## EXERCISE GOAL
What you return should be the lines from the one with "Gülenden BM toplantısına mesaj" through the one with "Балансир Таюр Samurai" in the data below, reproduced exactly with both ends, and no pictures at all.

Start of GIVEN RECORDS

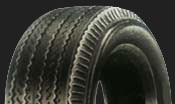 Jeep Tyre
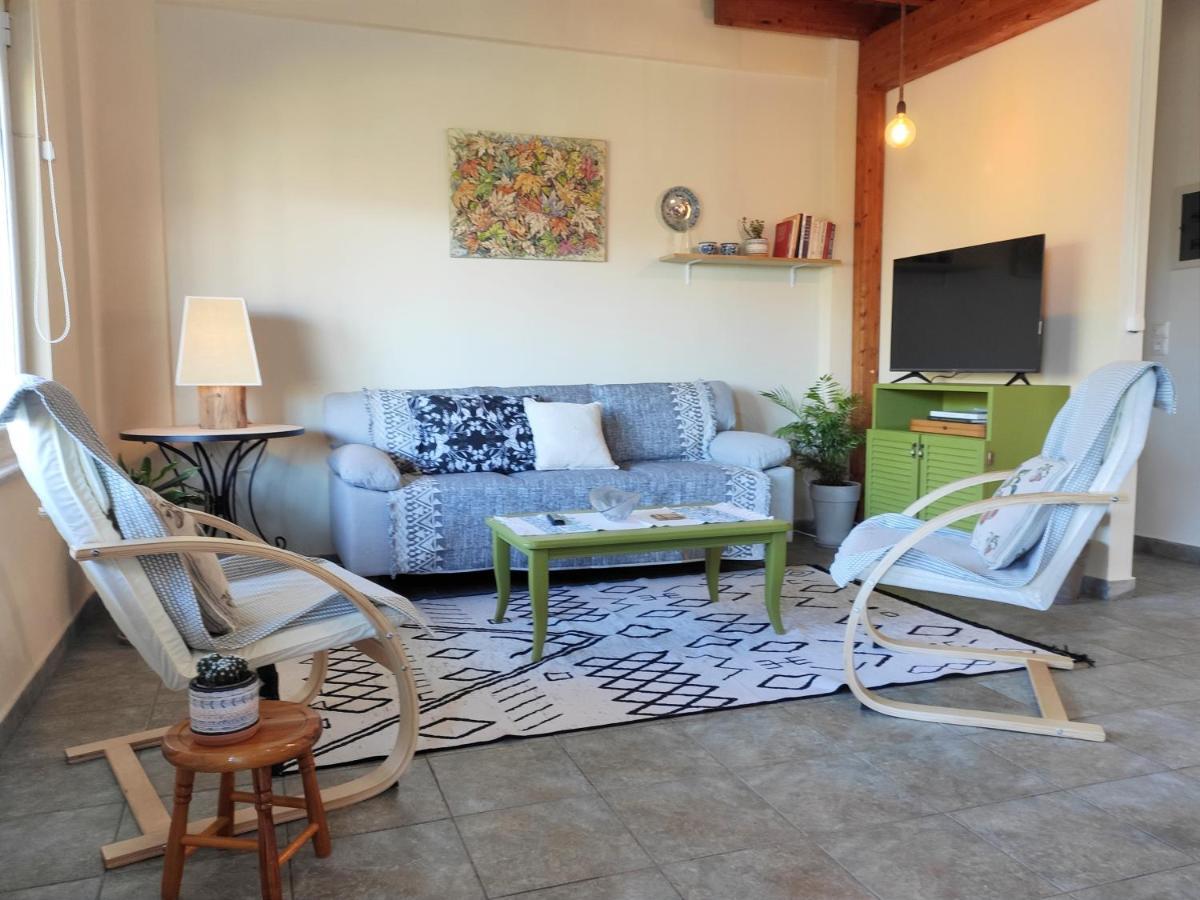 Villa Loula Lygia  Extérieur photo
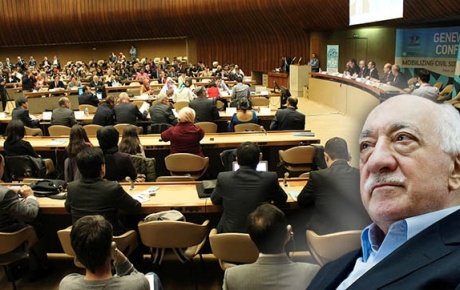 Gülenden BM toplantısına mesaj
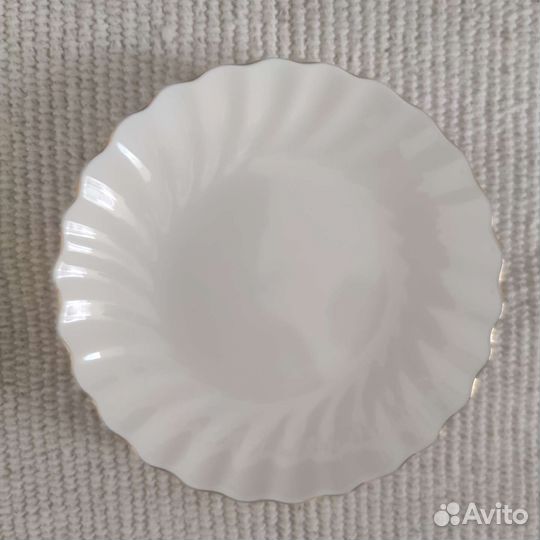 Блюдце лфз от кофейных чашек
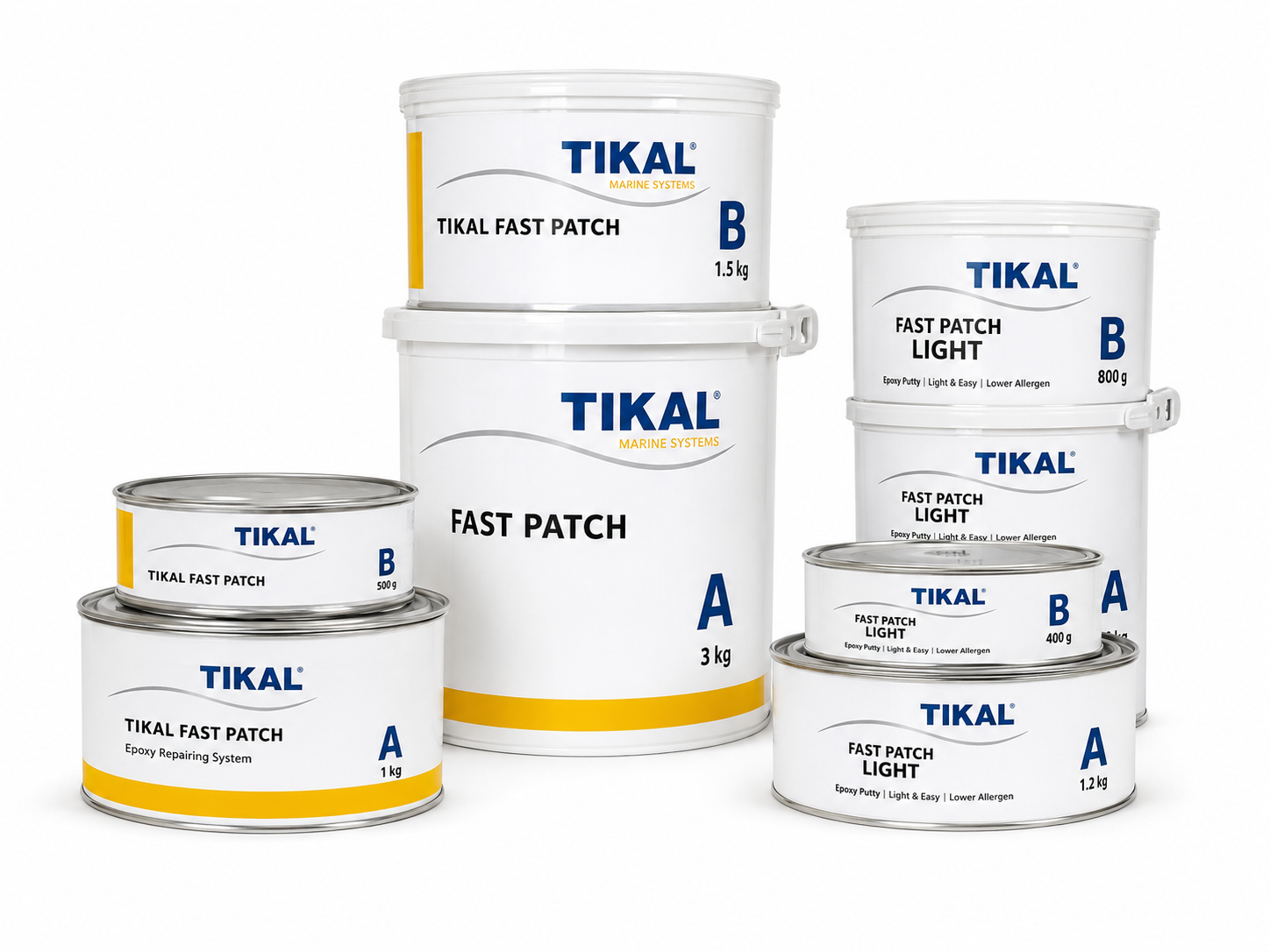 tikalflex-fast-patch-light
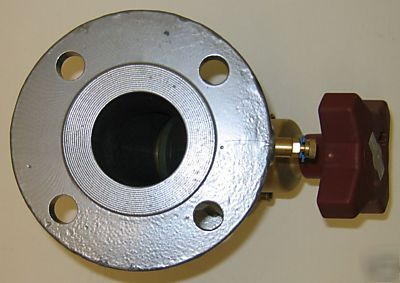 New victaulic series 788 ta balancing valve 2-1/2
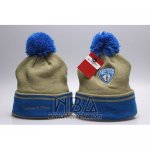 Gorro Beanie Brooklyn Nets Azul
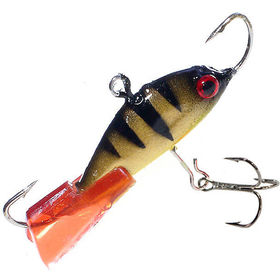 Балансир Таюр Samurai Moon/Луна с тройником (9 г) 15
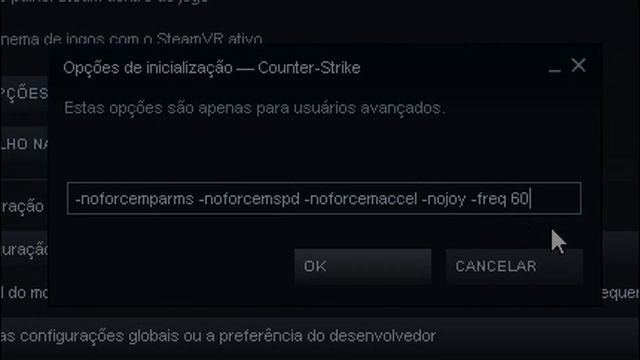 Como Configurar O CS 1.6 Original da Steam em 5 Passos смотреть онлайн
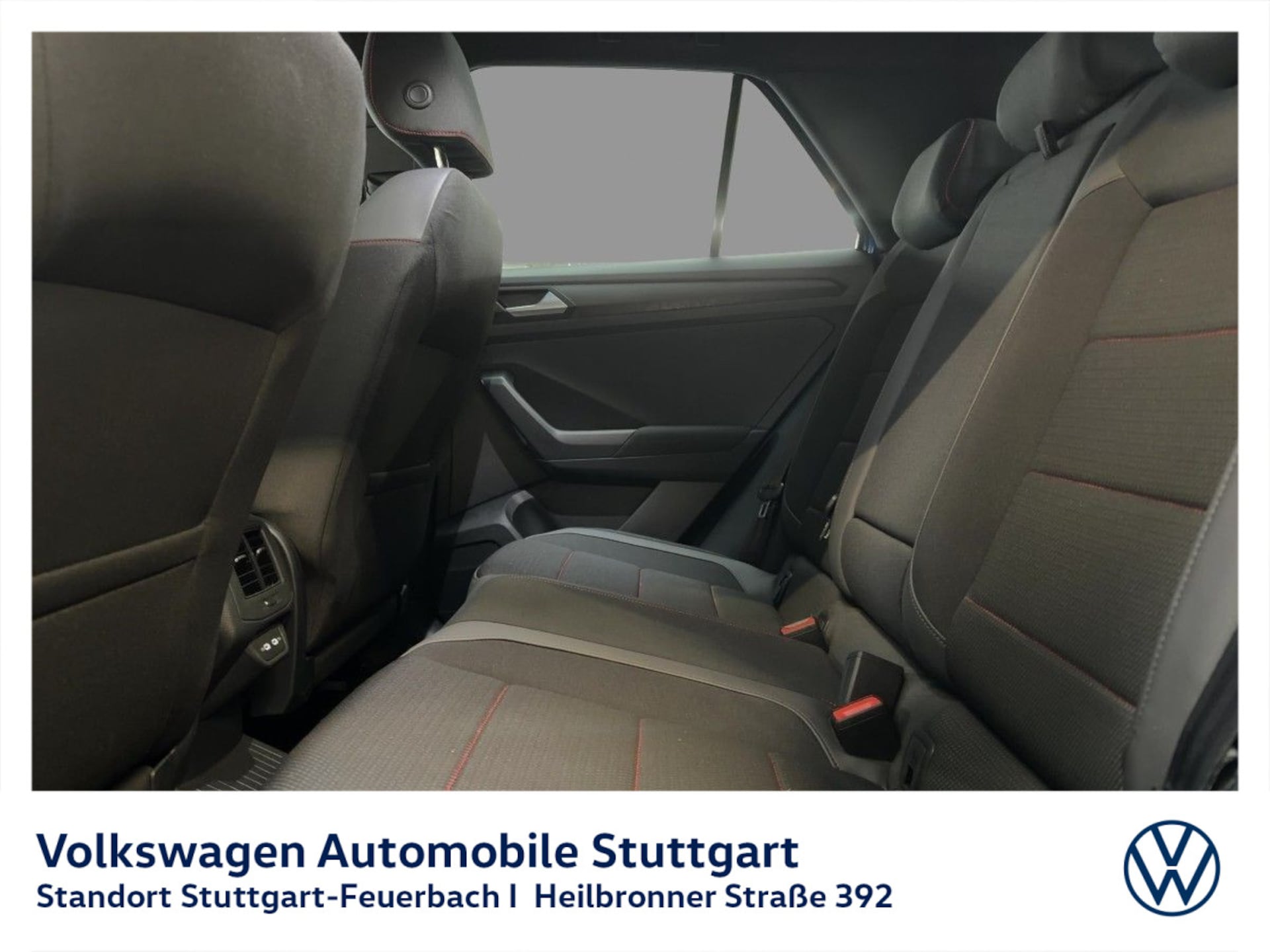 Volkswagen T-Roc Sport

End of GIVEN RECORDS

## WRITTEN SOLUTION
 Gülenden BM toplantısına mesaj
 Блюдце лфз от кофейных чашек
 tikalflex-fast-patch-light
 New victaulic series 788 ta balancing valve 2-1/2
 Gorro Beanie Brooklyn Nets Azul
 Балансир Таюр Samurai Moon/Луна с тройником (9 г) 15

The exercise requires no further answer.